Further investors in PIK instruments include private equity firms and other high yield investors who are willing to take on high levels of risk in return for high yield. Due to the restricted investor base, the PIK market as a whole is very sensitive to sudden swings in sentiment.
While many of the European PIK notes are issued as fixed rate instruments, the majority of PIK notes are now floating rate instruments, which can also offer more flexibility with regard to non-call periods. The pricing of PIK notes has been comparable to – and is sometimes lower than – that of other subordinated instruments, such as warranted mezzanine. In the past a few companies have therefore refinanced mezzanine with PIK instruments.
Traditional PIK instruments have a longer tenor than the longest dated group debt. This is generally between eight and ten years, but some deals have been issued with shorter tenors of five years. It is however expected that most PIKs will have much shorter tenors in practice, due to prepayment in the context of an IPO or a sale of the business within the first years of issuance.
Although the majority of PIK issues have been marketed as a bridge to an IPO, only a small minority has so far reached the IPO stage and been repaid with any funds generated by a public offering. Most PIK issues have so far not reached maturity or been refinanced by other means. Nonetheless, IPOs or refinancing remain the main expected form of prepayment or repayment.
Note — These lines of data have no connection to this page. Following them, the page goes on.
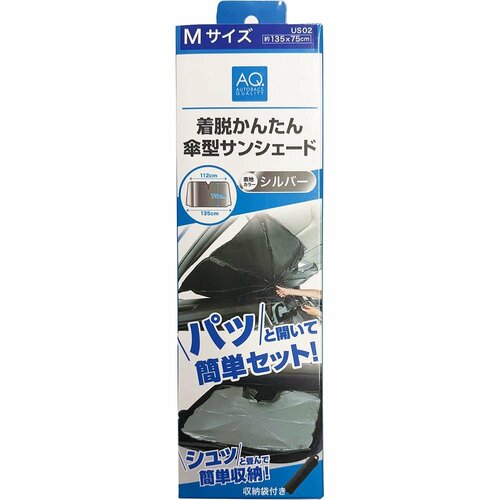 車用サンシェードおすすめ オートバックス AQ.傘型サンシェード US02 Mサイズ  シルバー イメージ2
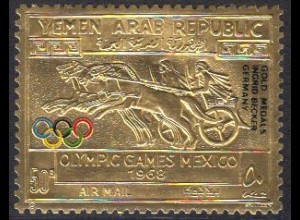 Jemen (Nordjemen) Mi.Nr. 795 Olympia 68 Mexiko Wagenrennen Goldmed. Becker (50)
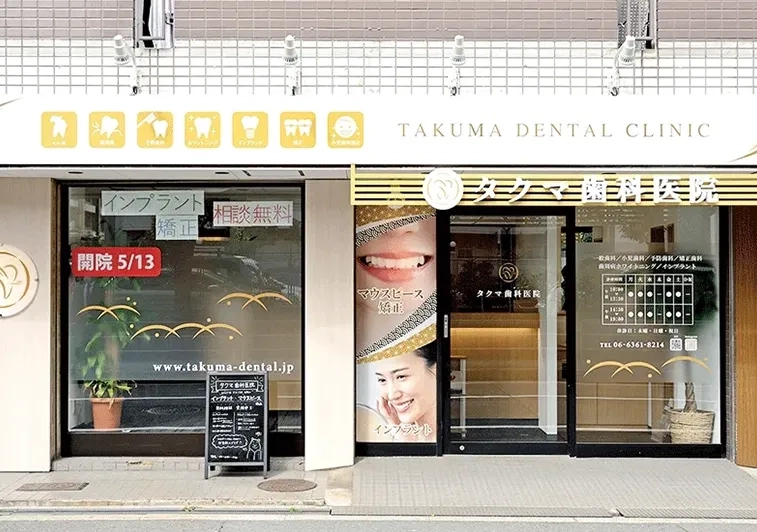 タクマ歯科医院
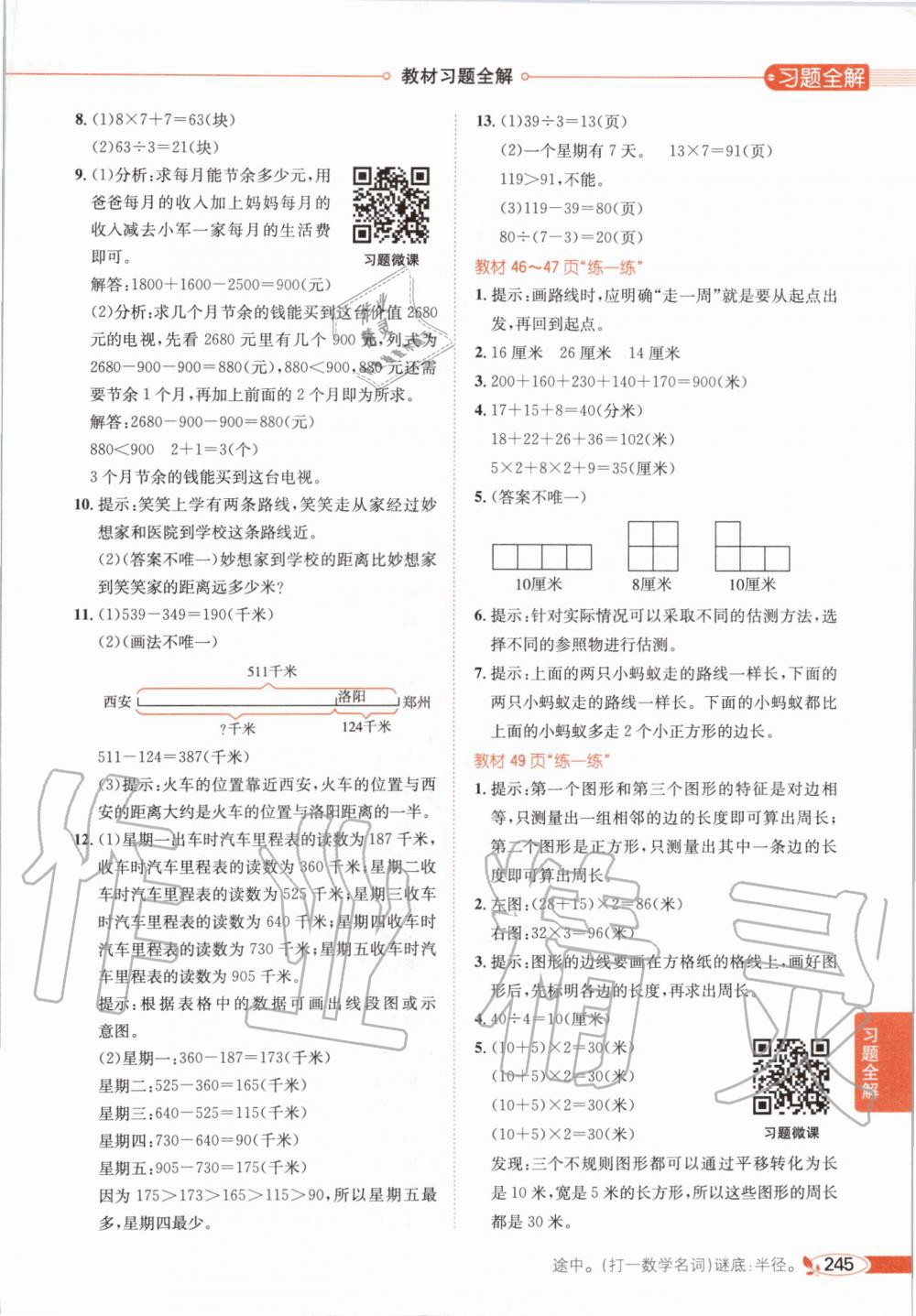 2019年課本三年級數(shù)學上冊北師大版 第6頁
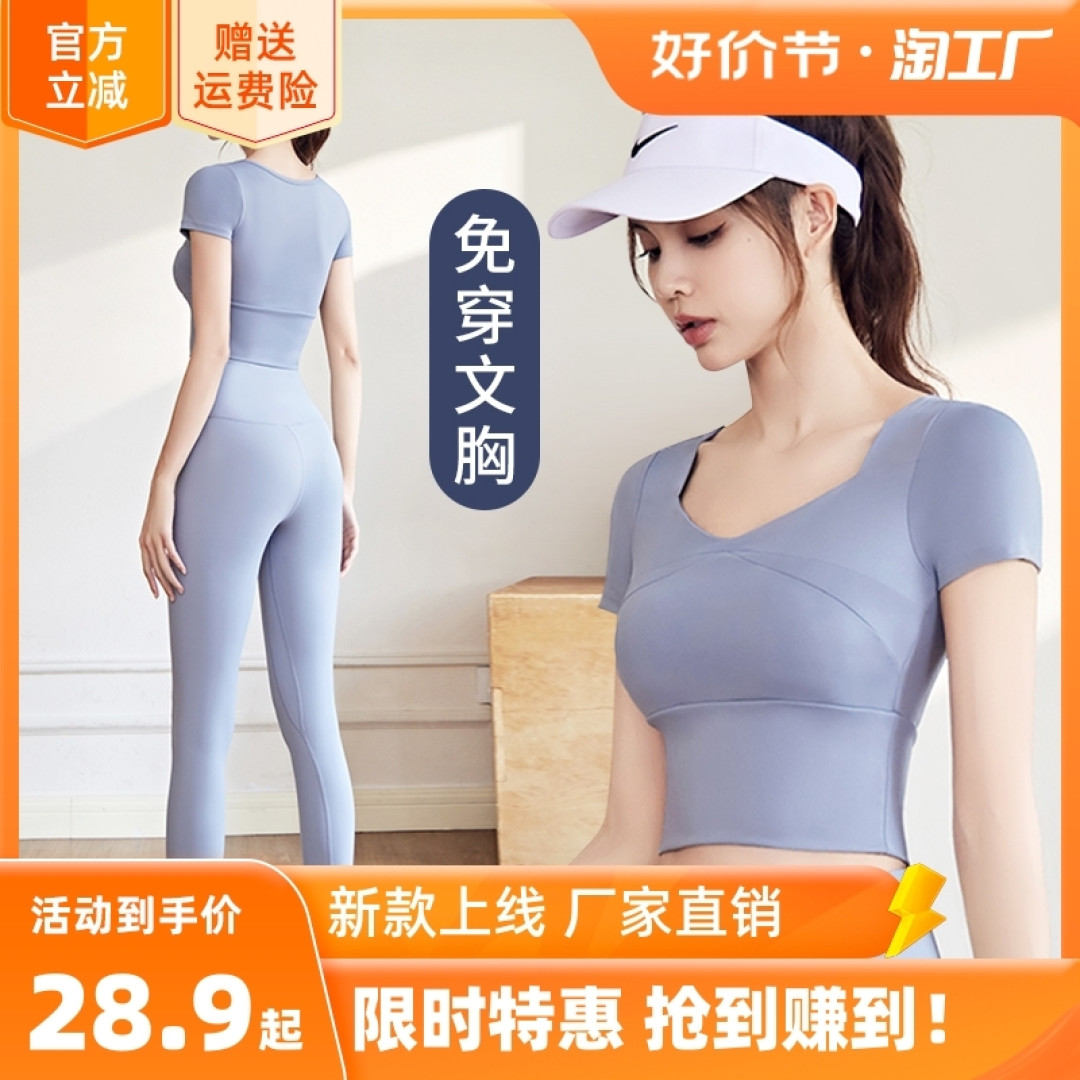 女生瑜伽服要怎么挑?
The size of individual PIK issuance varies significantly in terms of both volumes and leverage. The size of individual PIK issues in Europe ranges from €25m to €1.67 billion, averaging at €500m. Generally PIK is attractive because it adds leverage without impacting on cash flow. PIKs have, for example, been used as a financing tool for leveraged buyouts because they enable the borrower to achieve higher leverage without paying cash interest on all of the funds raised.
PIK toggle notes
In addition to pure PIK notes there are now structures that pay a portion of the interest in cash and the remainder as PIK. Other instruments give the issuer the option to pay interest either in cash or as a PIK (ie by issuing additional PIK notes). These PIK ‘toggle’ notes enable the issuer to switch between cash and PIK interest repayments and thereby limit the cash flow required to service the debt when needed. While this will provide the issuer with added financial flexibility, the use of PIK will in most cases trigger a higher interest rate.
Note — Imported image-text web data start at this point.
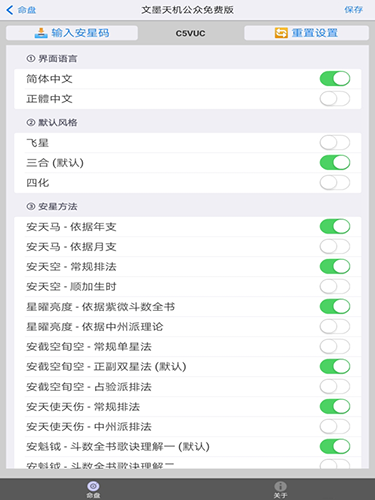 文墨天机紫微斗数截图1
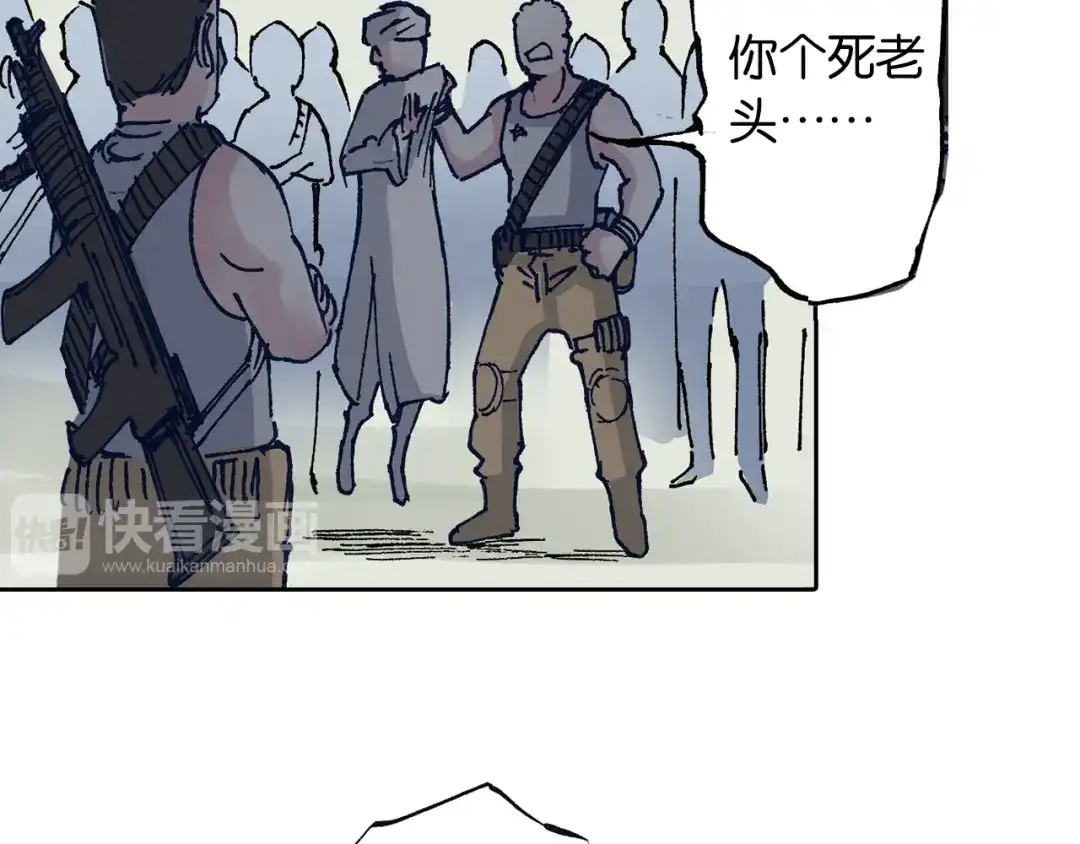 《拾又之国》第45话 十八狱中队 第45页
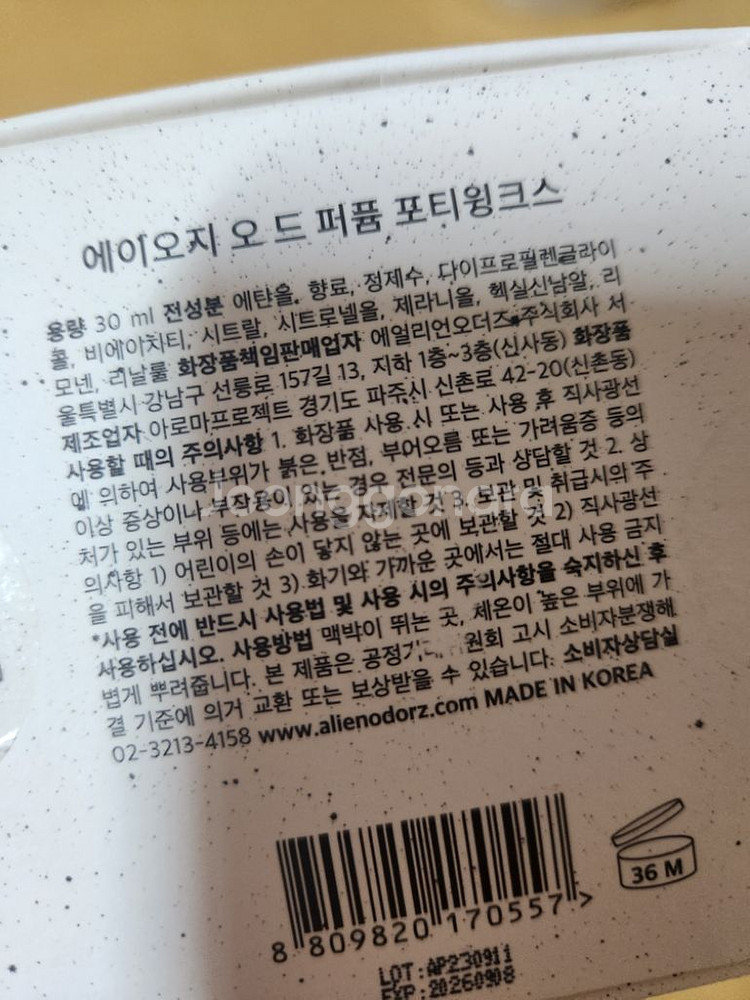 새상품)정가>9 6시간지속 AOZ에이오지 포티윙크스 오--4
The first PIK instruments were used to finance dividends or repay shareholder loans. Increasingly PIKs have been used for other purposes such as partially funding LBOs, debt refinancing (including existing PIKs) or the buy-out of minority shareholders. Their main use of PIK to date has been the funding of dividend payouts.
Private equity firms, in particular, prefer the use of PIKs because the delayed interest and capital repayments enable them to retain as much cash as possible to develop and grow the business. The financial sponsor will typically have an exit strategy such as selling the business or carrying out an IPO. Any proceeds from such a transaction would then be used to repay (or prepay) the PIK.
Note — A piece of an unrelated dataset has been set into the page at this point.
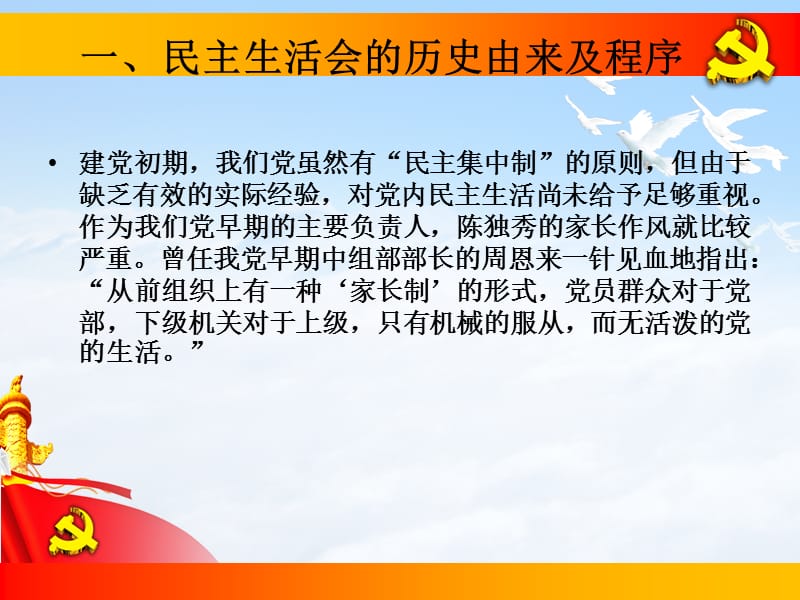 如何开好高质量的民主生活会.ppt_第3页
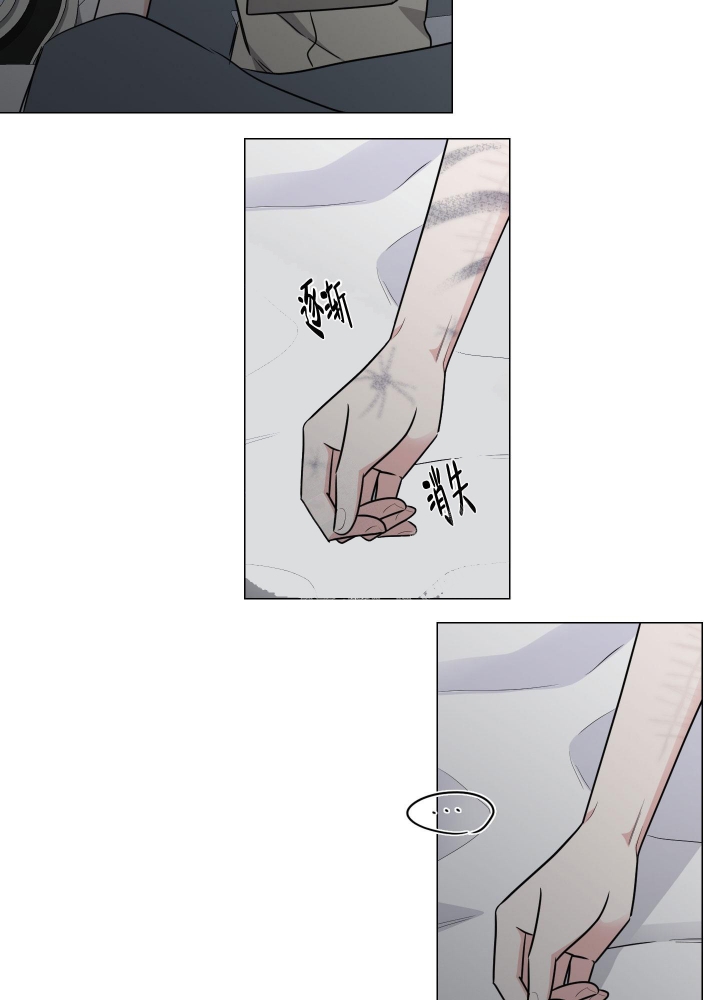 寄生漫画,第9话2图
Prior to the currently deteriorating credit environment, many private equity investors took advantage of low debt pricing and market tolerance of high leverage levels by refinancing or recapitalising. Recapitalisation has been a common method of passing dividends to sponsors by introducing further debt into the company.
By using recapitalisation to fund dividend payments, equity sponsors are able to extract equity from an investment just a short time after an initial acquisition, because the use of PIK notes allows the support of greater leverage at existing cash flow levels. This may lead to a more efficient debt structure and it reduces the exposure of the private equity investor to a company that becomes more highly geared. In this context it is important for the private equity investor to find the right balance between the greater burden of debt servicing at higher leverage levels and achieving the targeted return on equity.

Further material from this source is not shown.